**EXERCISE**
Reproduce every record below exactly, with the pictures left out.

**RECORDED INFORMATION**

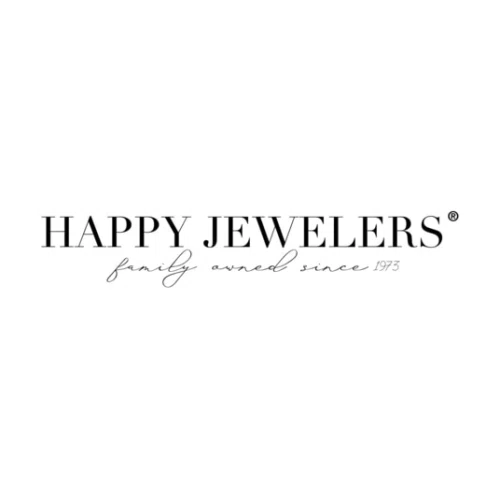 Happy Jewelers logo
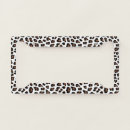 Search for leopard license plates Brown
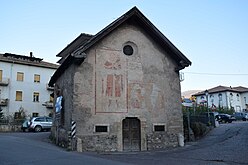 L'église Saint-Alexandre.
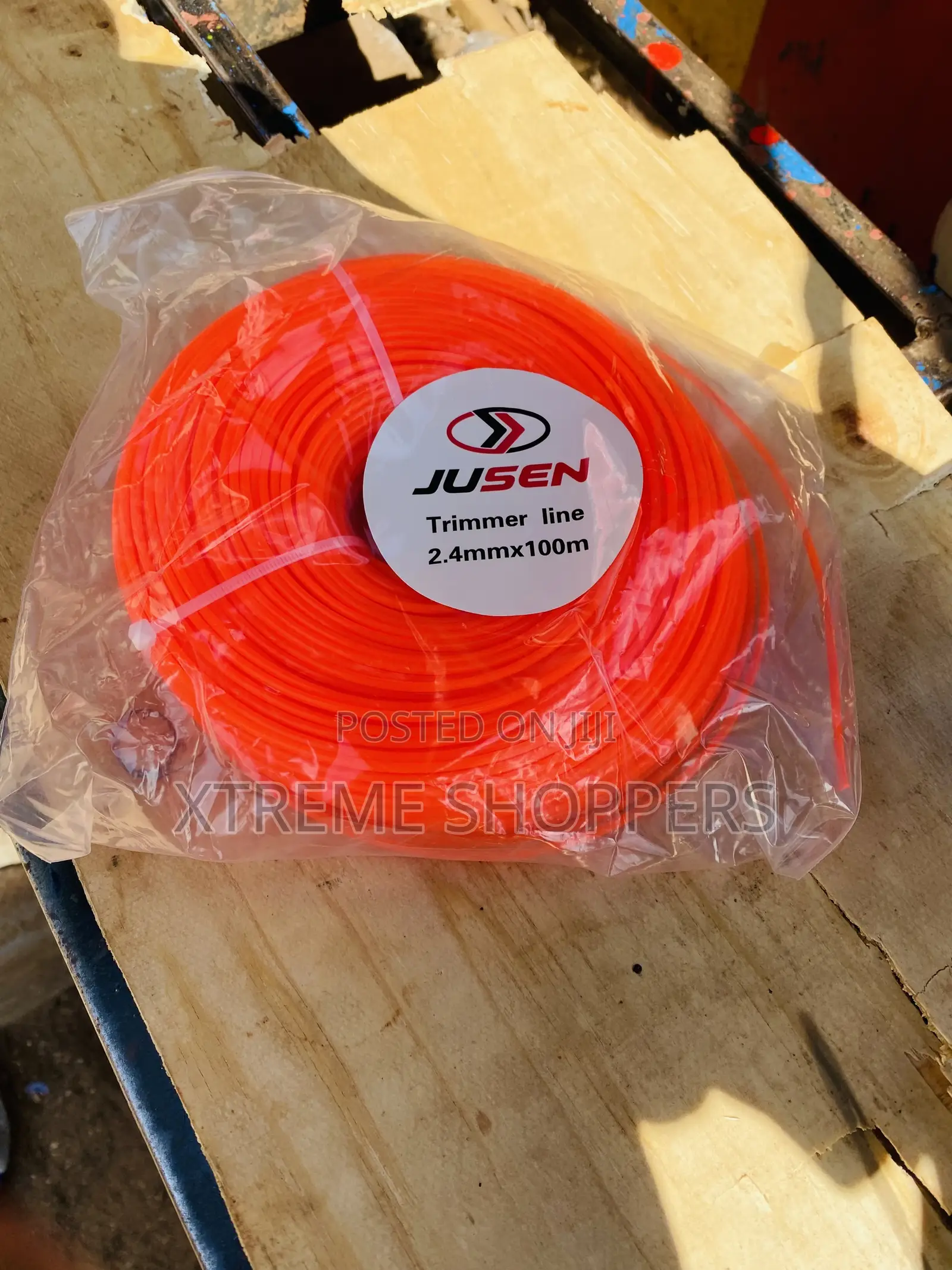 Maximum Thread /Trimmer Full /Size2.4 (100meters)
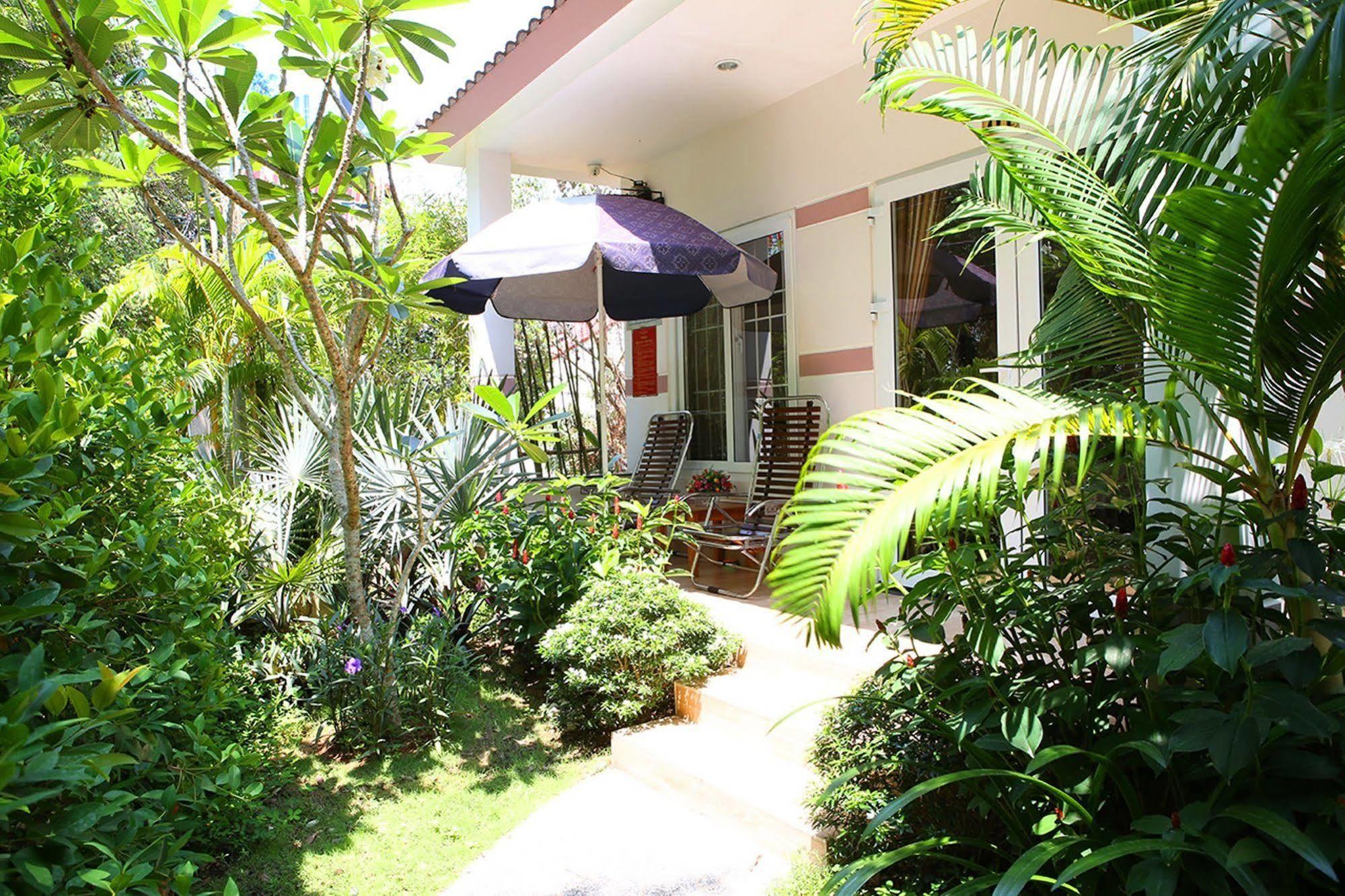 Huynh Gia Bungalow Phu Quoc Dış mekan fotoğraf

**SOLUTION**
 Happy Jewelers logo
 Search for leopard license plates Brown
 L'église Saint-Alexandre.
 Maximum Thread /Trimmer Full /Size2.4 (100meters)
 Huynh Gia Bungalow Phu Quoc Dış mekan fotoğraf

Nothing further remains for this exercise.